• [BRIEF]:
Exactly as they appear, retype the lines from the one containing "Men's T-Shirt Warning" through the final line of the data below. Leave pictures out.
(PROVIDED DATA Opens)
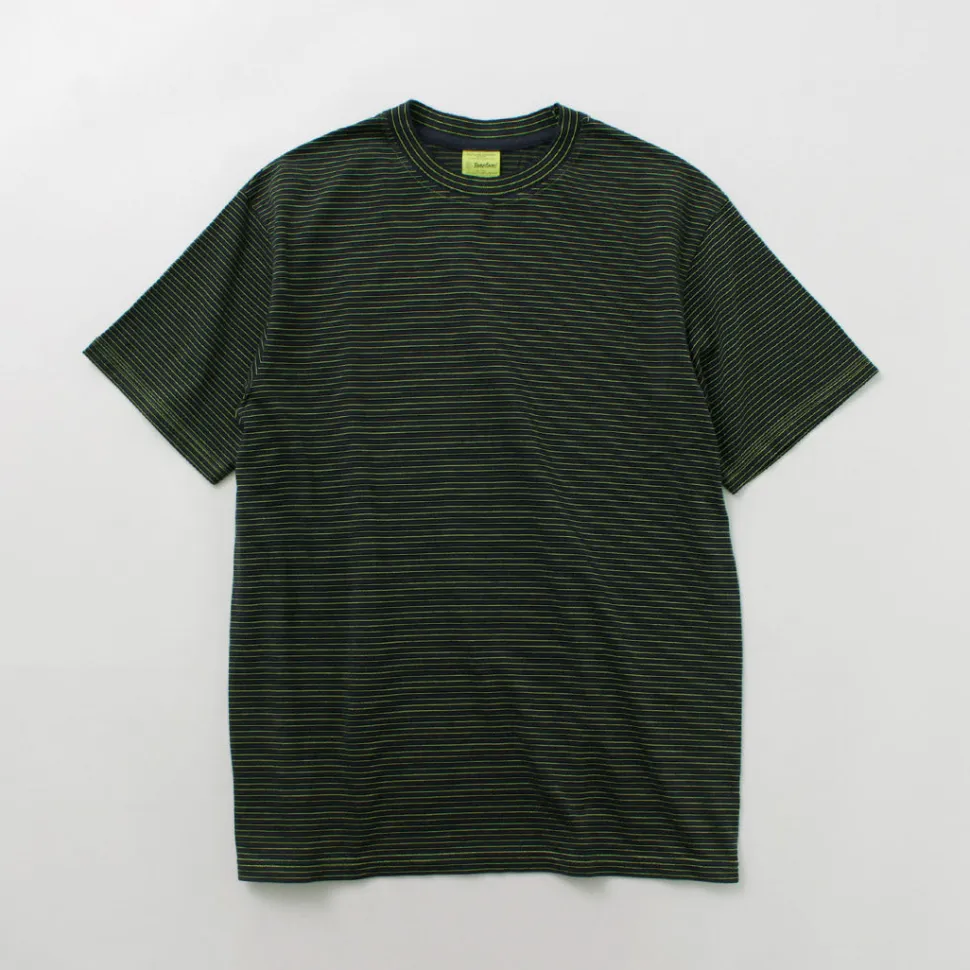 YONETOMI NEW BASIC / Garment Dye Striped T-Shirt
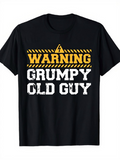 Men's T-Shirt Warning Sign With Bold Letters On Black Grungy Casual T Shirt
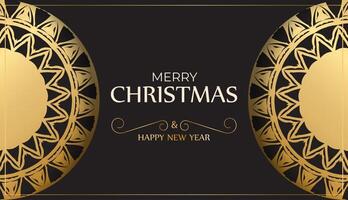 Flyer Merry Christmas and Happy New Year in black color with gold ornaments. vector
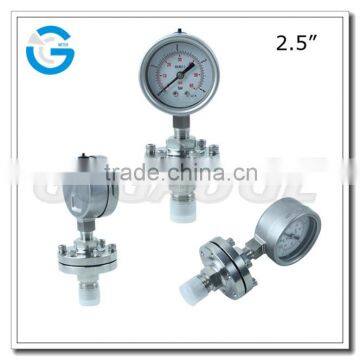 High quality 2.5 inch all stainless steel oil filled diaphragm seal pressure meter
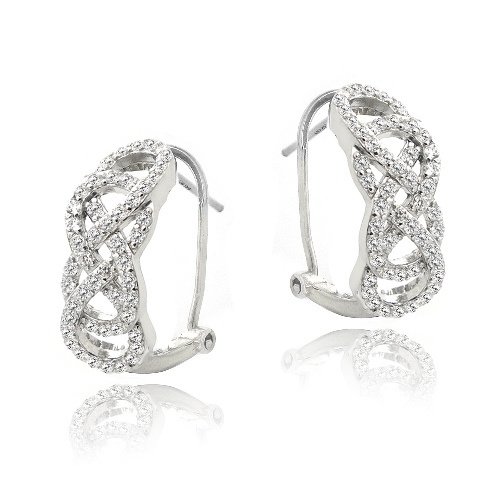 Sterling Silver CZ Double Eternity Half Hoop Earrings E13295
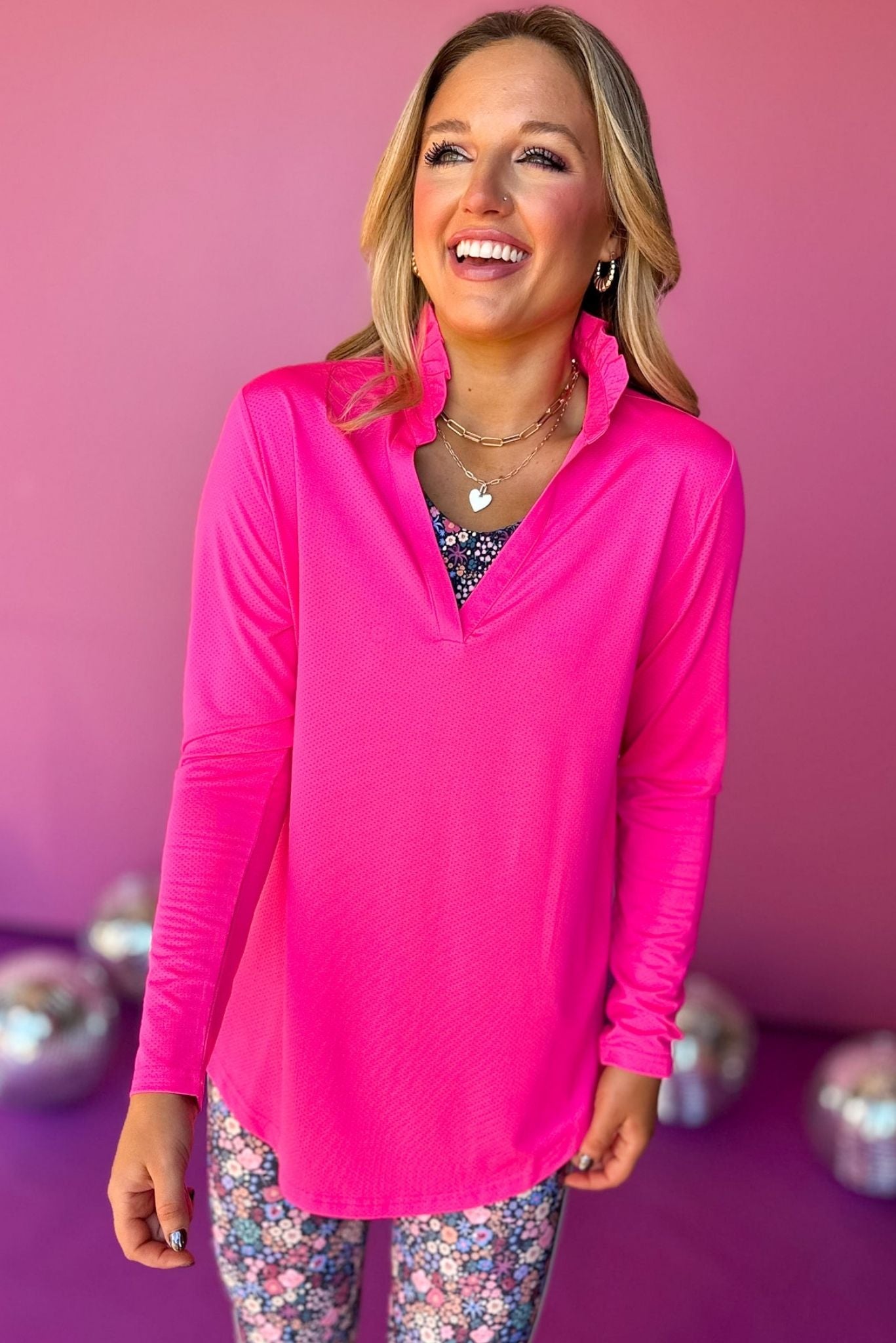 SSYS Hot Pink Long Sleeve Frill V Neck Active Top, must have top, must have athleisure, elevated style, elevated athleisure, mom style, active style, active wear, fall athleisure, fall style, comfortable style, elevated comfort, shop style your senses by mallory fitzsimmons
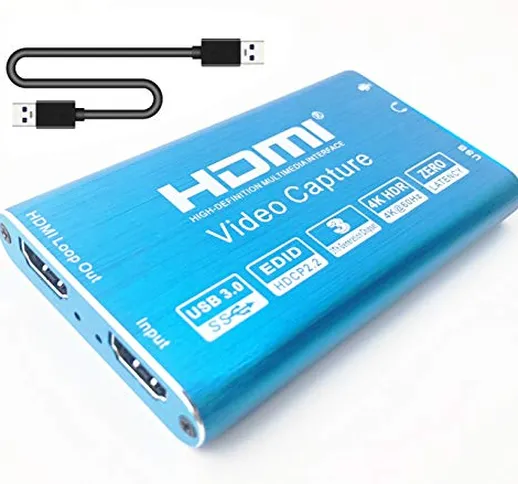 Scheda di Acquisizione Video HDMI,1080P 60FPS 4K HDMI Video Capture Card,HDMI to USB 3.0 H...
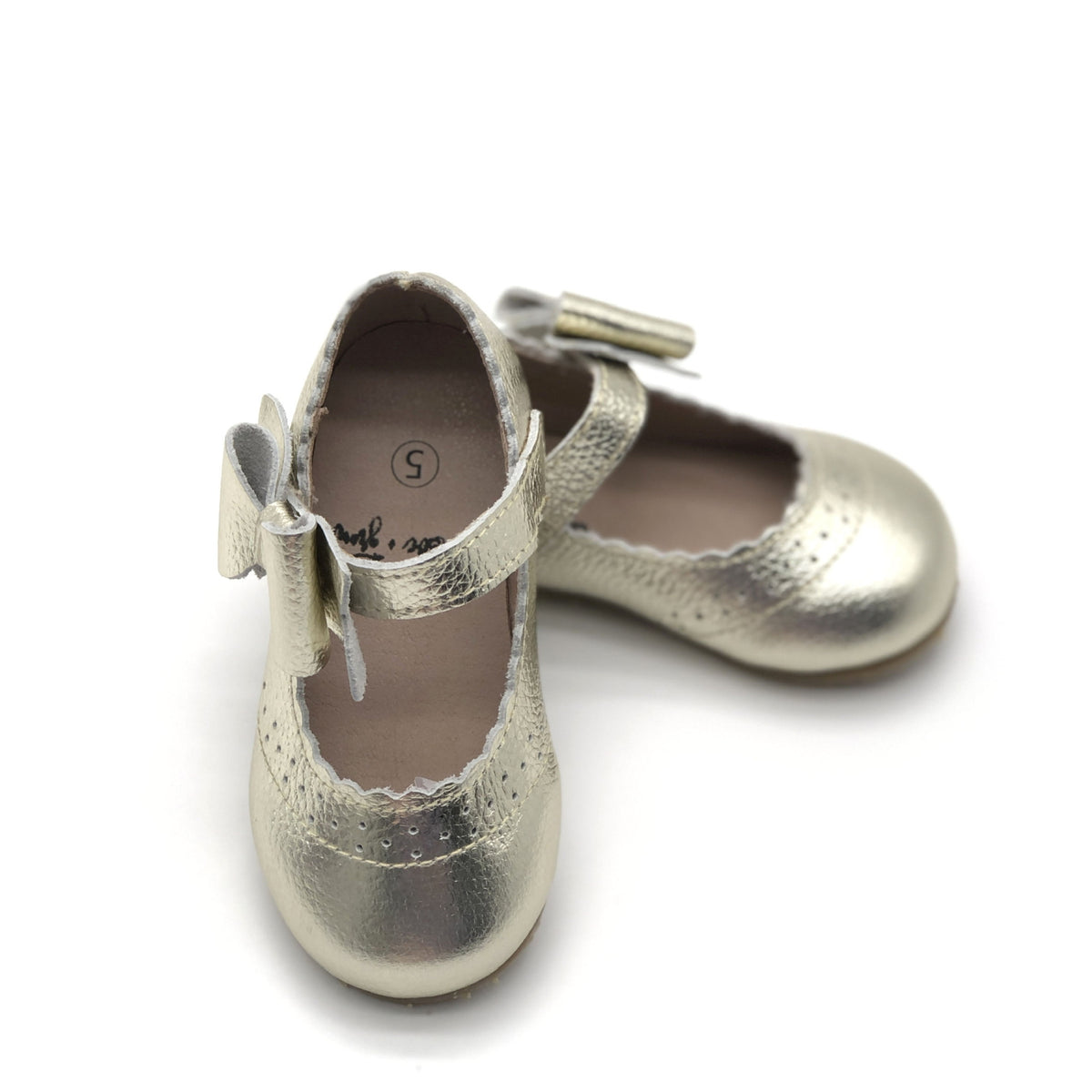 Gold Bow Mary Jane Shoes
(PROVIDED DATA Closes)
• [YOUR SOLUTION]:
 Men's T-Shirt Warning Sign With Bold Letters On Black Grungy Casual T Shirt
 Flyer Merry Christmas and Happy New Year in black color with gold ornaments. vector
 High quality 2.5 inch all stainless steel oil filled diaphragm seal pressure meter
 Sterling Silver CZ Double Eternity Half Hoop Earrings E13295
 SSYS Hot Pink Long Sleeve Frill V Neck Active Top, must have top, must have athleisure, elevated style, elevated athleisure, mom style, active style, active wear, fall athleisure, fall style, comfortable style, elevated comfort, shop style your senses by mallory fitzsimmons
 Scheda di Acquisizione Video HDMI,1080P 60FPS 4K HDMI Video Capture Card,HDMI to USB 3.0 H...
 Gold Bow Mary Jane Shoes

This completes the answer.